## [Excerpted data]
-.-.-
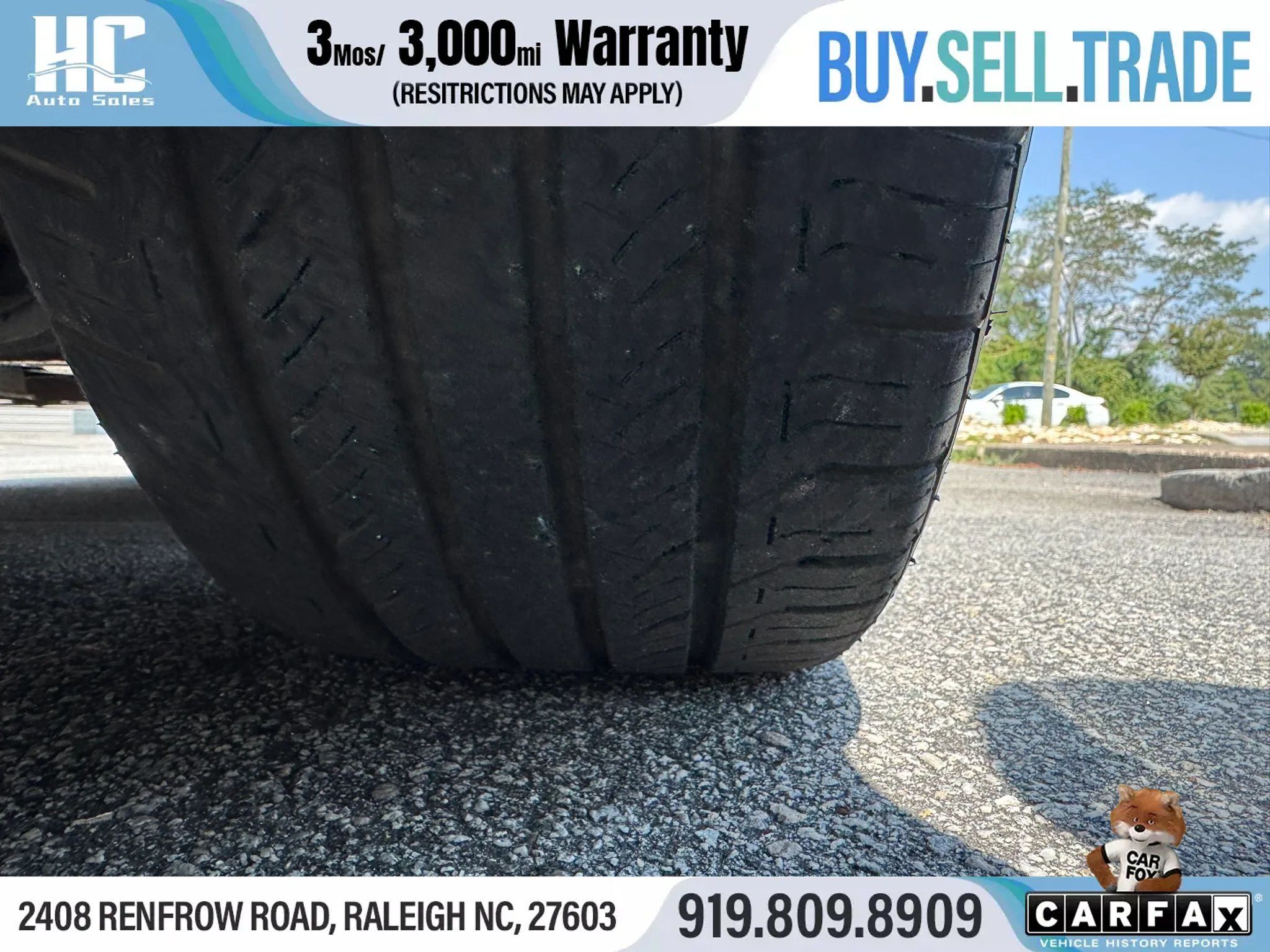 Used 2018 Toyota Corolla iM FWD image 11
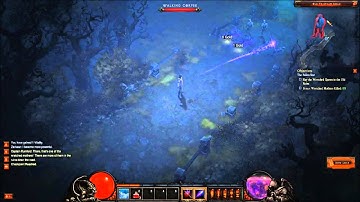 Diablo 3 Power Leveling Guide - Wizard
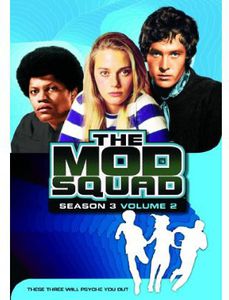 The Mod Squad: Season 3 Volume 2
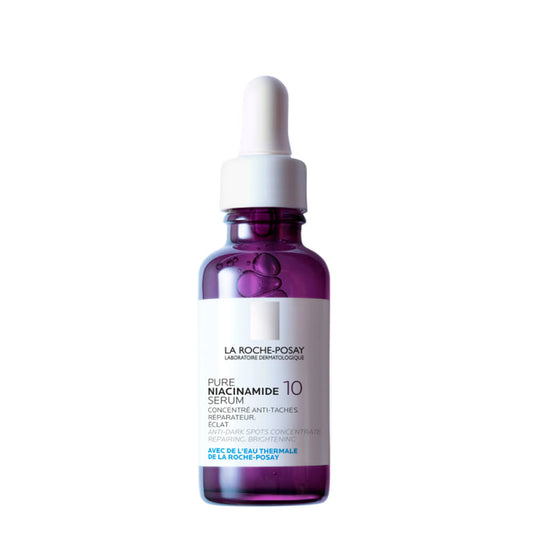 La Roche Posay - Sérum Pure Niacinamide 10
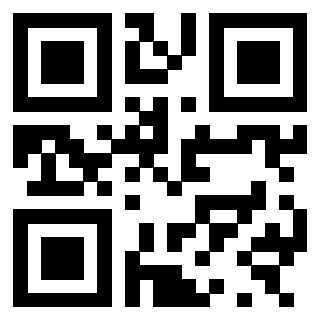 Qr Code di 3300819889
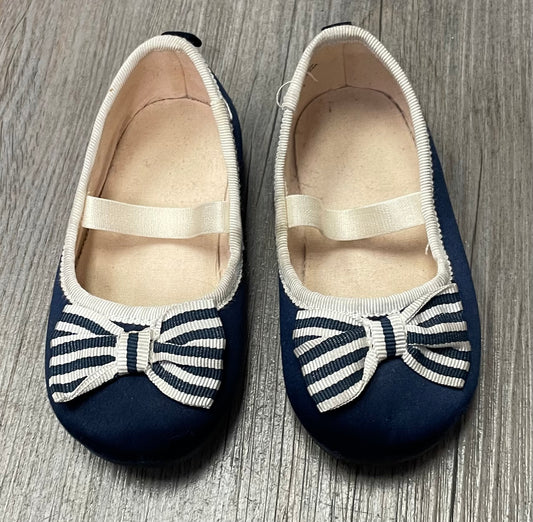 Navy  H&M Shoes, 5T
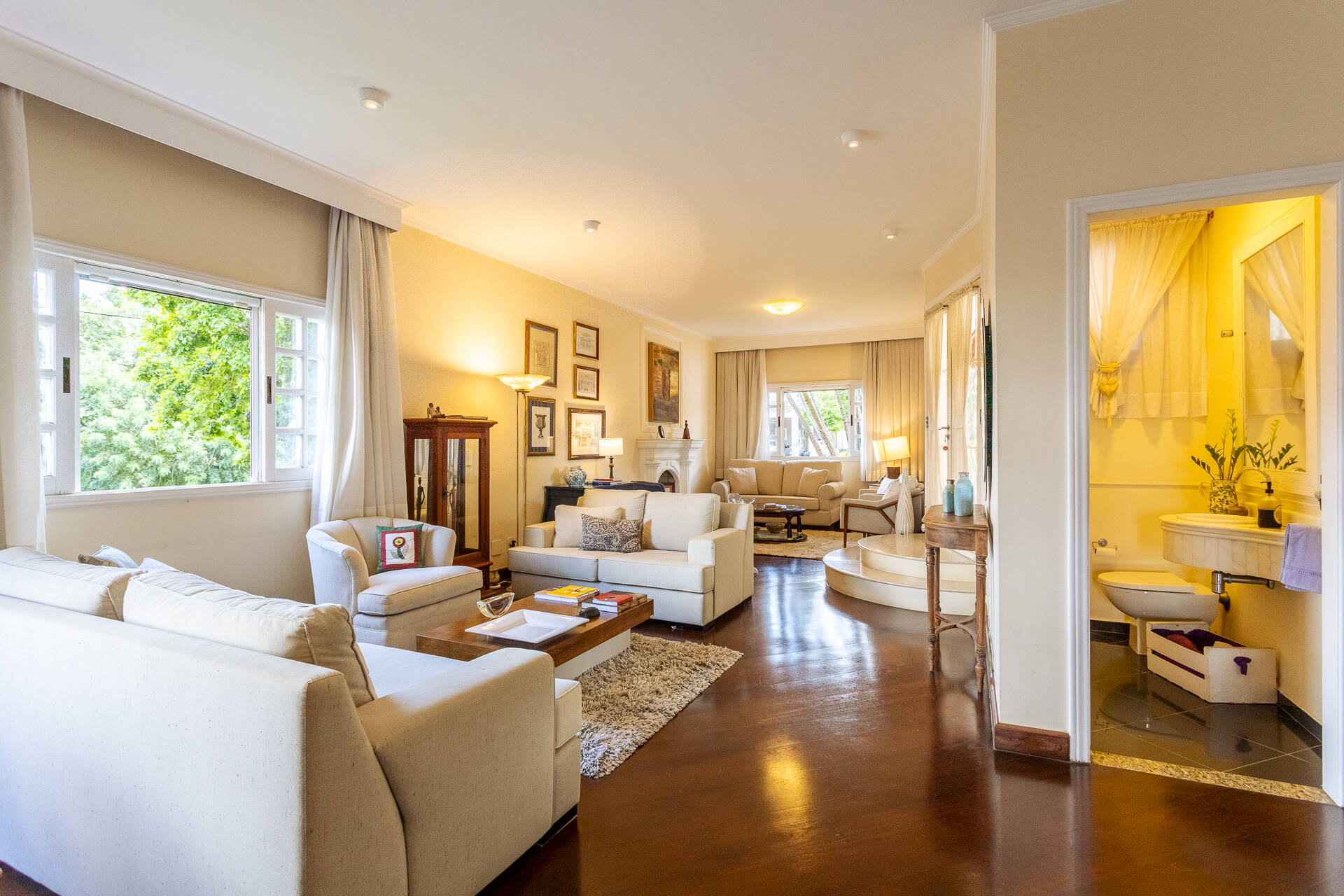 Casa, 2 quartos, 320 m² - Foto 1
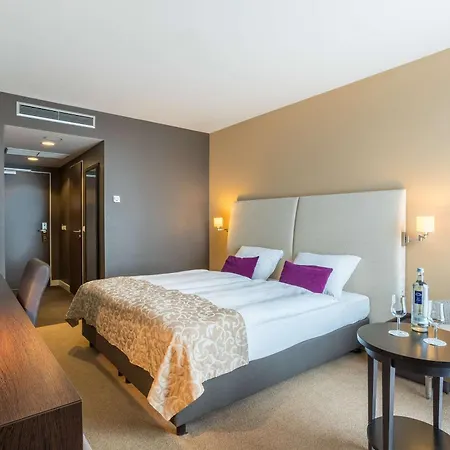 The Rilano Munich, Trademark Collection By Wyndham 4*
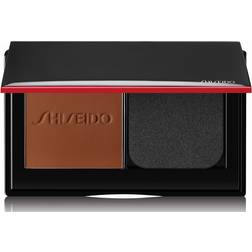 Shiseido Synchro Skin Self-Refreshing Custom Finish Powder Foundation 510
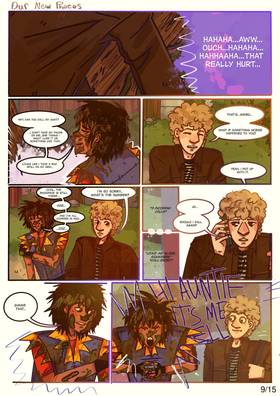 Read Our New Photos  1 Page 8 in English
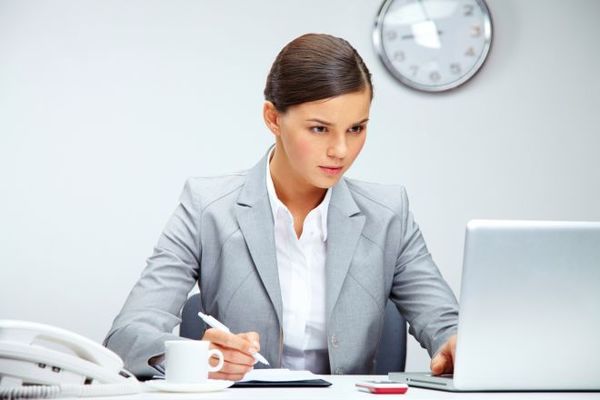 Menyusun Tugas Harian agar Hari Kerja Lebih Ringan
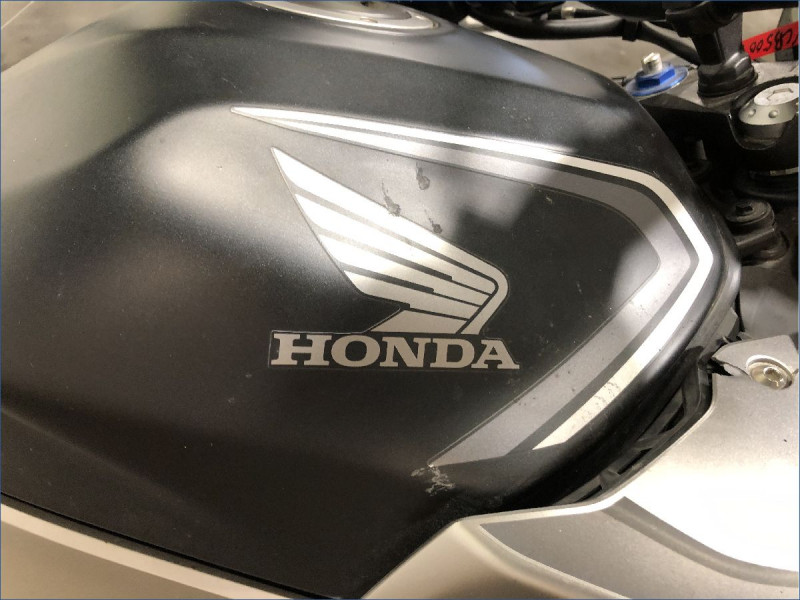 HONDA CB500F 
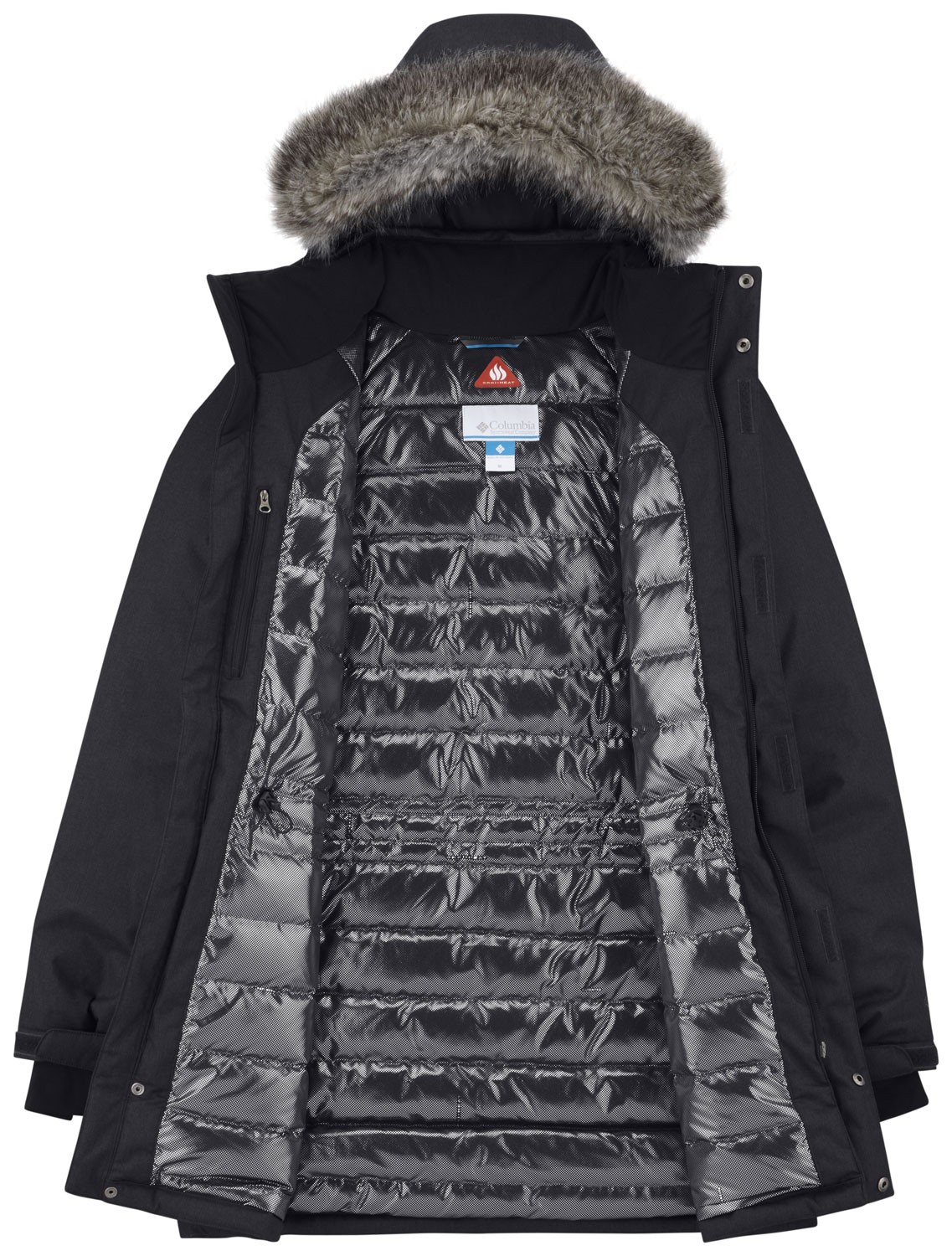 Columbia alpine escape down jacket best sale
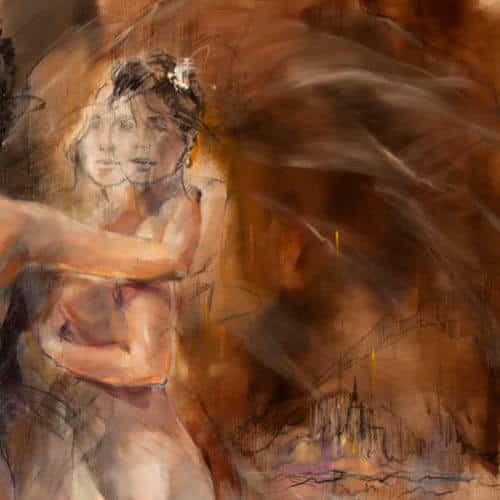 Anna Razumovskaya Devotion 03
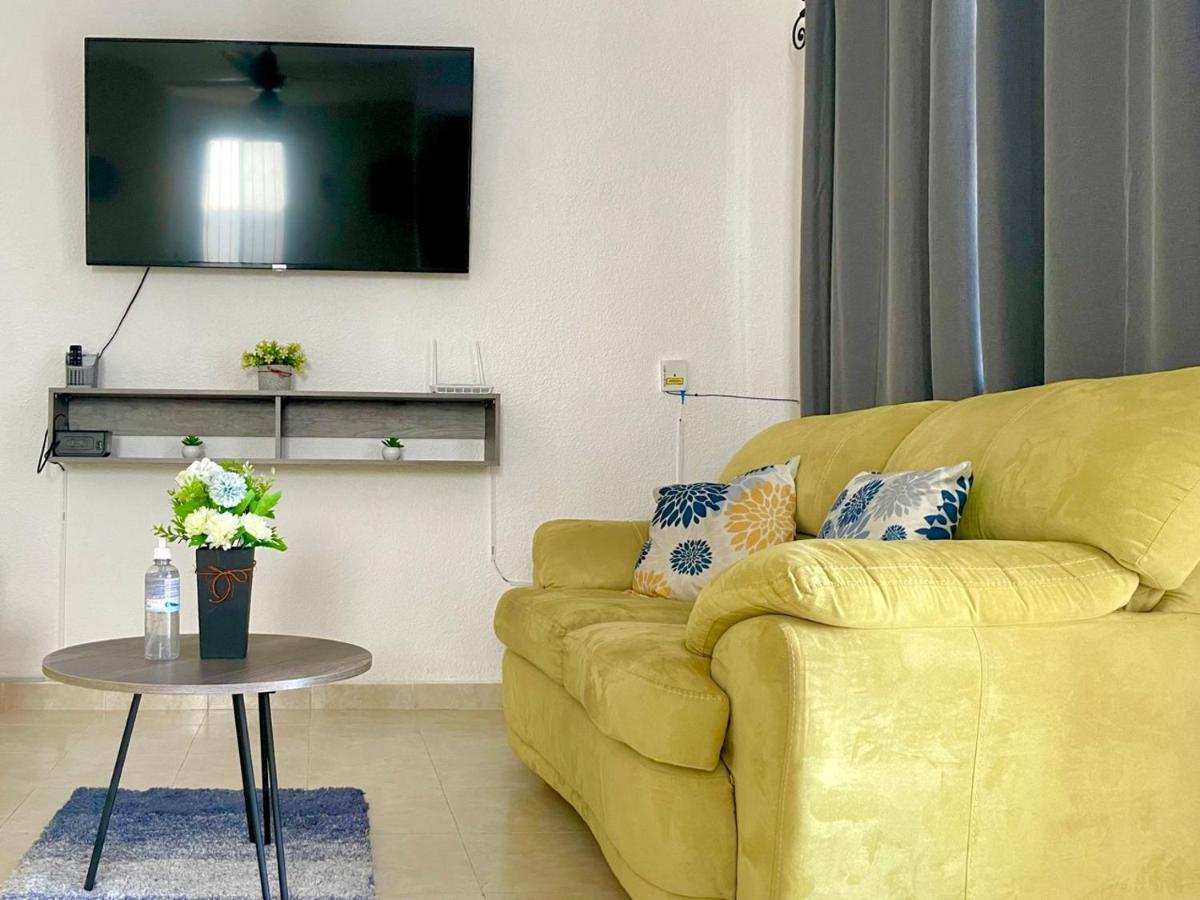 Holiday home Casa El Conquistador/excelenteubicacion/2hab/wifi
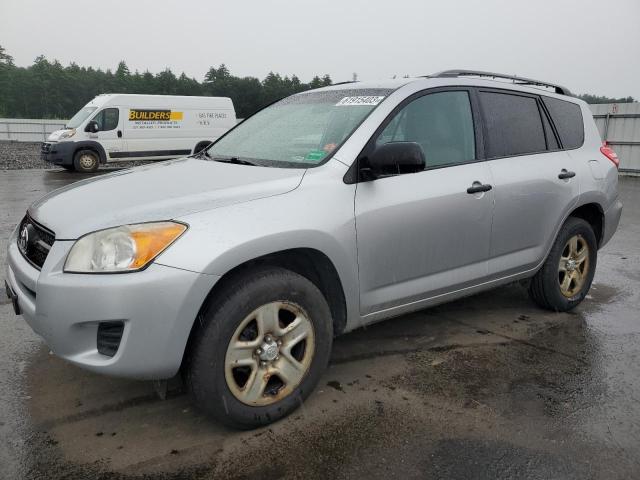 TOYOTA RAV4 2012 with VIN 2T3BF4DV5CW190835 - Photo from auction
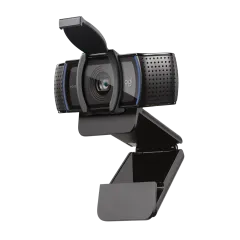 Logitech C920s Webcam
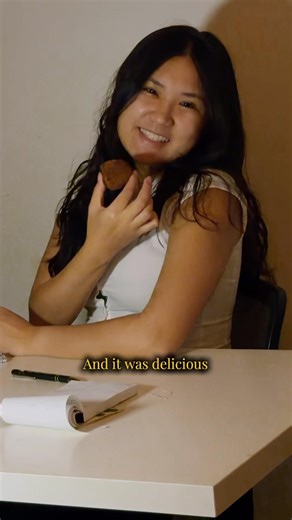 Anyone else fell victim to this? #dubaichewycookies #foodie #skit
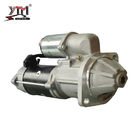 24V 9T 4.0KW 4D95 Electric Starter Motor 6008133111 For Komatsu PC60 - 5 / PC60 - 6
-.-.-
## [Work task]
Quote the records above in full, dropping each picture.

## [Result]
 Used 2018 Toyota Corolla iM FWD image 11
 Diablo 3 Power Leveling Guide - Wizard
 The Mod Squad: Season 3 Volume 2
 La Roche Posay - Sérum Pure Niacinamide 10
 Qr Code di 3300819889
 Navy  H&M Shoes, 5T
 Casa, 2 quartos, 320 m² - Foto 1
 The Rilano Munich, Trademark Collection By Wyndham 4*
 Shiseido Synchro Skin Self-Refreshing Custom Finish Powder Foundation 510
 Read Our New Photos  1 Page 8 in English
 Menyusun Tugas Harian agar Hari Kerja Lebih Ringan
 HONDA CB500F 
 Columbia alpine escape down jacket best sale
 Anna Razumovskaya Devotion 03
 Holiday home Casa El Conquistador/excelenteubicacion/2hab/wifi
 TOYOTA RAV4 2012 with VIN 2T3BF4DV5CW190835 - Photo from auction
 Logitech C920s Webcam
 Anyone else fell victim to this? #dubaichewycookies #foodie #skit
 24V 9T 4.0KW 4D95 Electric Starter Motor 6008133111 For Komatsu PC60 - 5 / PC60 - 6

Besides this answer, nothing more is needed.